> [What to produce]:
For this exercise, write out every entry exactly and leave the pictures out.
———
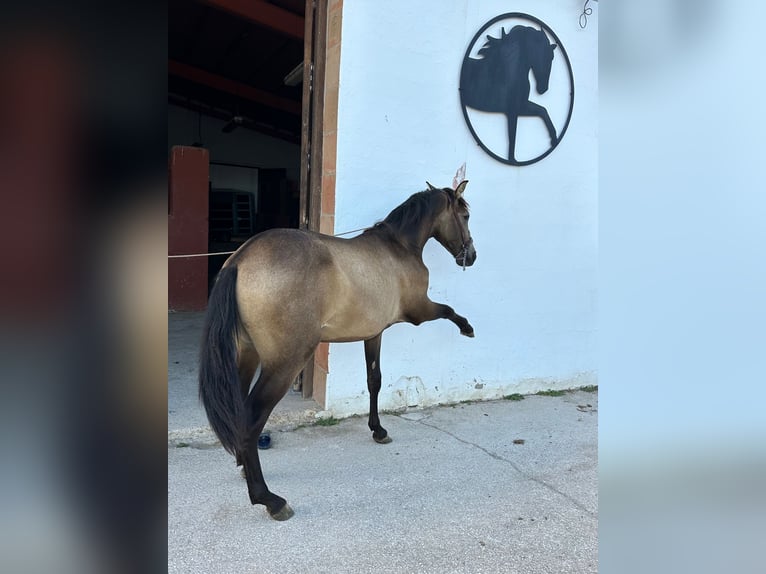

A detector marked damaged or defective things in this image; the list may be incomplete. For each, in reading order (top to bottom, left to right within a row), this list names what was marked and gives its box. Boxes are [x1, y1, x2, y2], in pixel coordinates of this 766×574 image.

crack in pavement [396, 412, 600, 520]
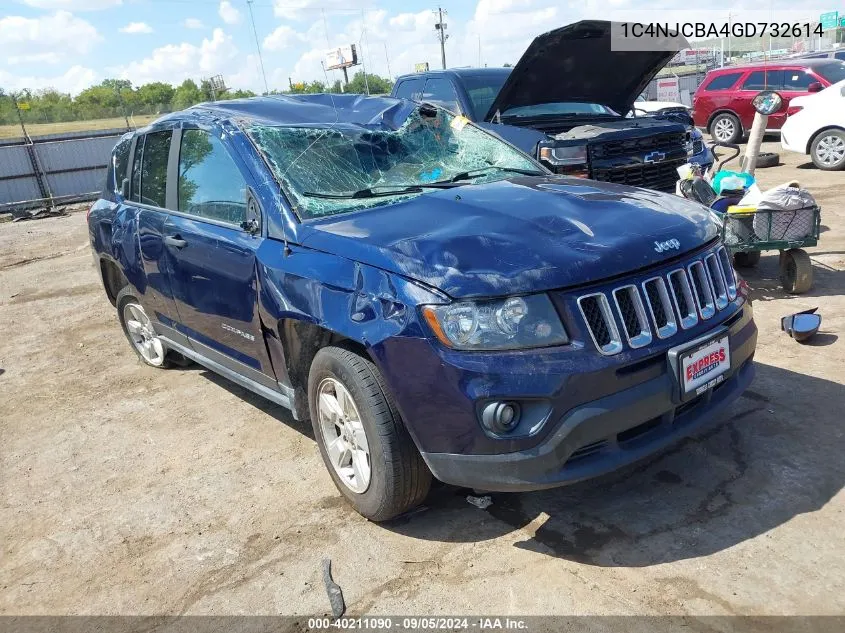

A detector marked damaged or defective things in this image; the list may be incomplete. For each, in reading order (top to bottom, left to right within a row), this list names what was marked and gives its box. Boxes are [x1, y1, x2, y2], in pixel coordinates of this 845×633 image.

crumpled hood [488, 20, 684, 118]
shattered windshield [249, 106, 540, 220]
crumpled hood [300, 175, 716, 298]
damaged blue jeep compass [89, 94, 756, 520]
———
> [Completed task]:
A detector marked damaged or defective things in this image; the list may be incomplete. For each, in reading order (top to bottom, left to right within a row), this list names what was marked and gives its box. Boxes are [x1, y1, x2, y2], in pixel coordinates of this 766×574 image.

crack in pavement [396, 412, 600, 520]

A detector marked damaged or defective things in this image; the list may be incomplete. For each, in reading order (top to bottom, left to right within a row), this list names what was marked and gives its box. Boxes are [x1, y1, x2, y2], in pixel coordinates of this 845×633 image.

crumpled hood [488, 20, 684, 118]
shattered windshield [249, 106, 540, 220]
crumpled hood [300, 175, 716, 298]
damaged blue jeep compass [89, 94, 756, 520]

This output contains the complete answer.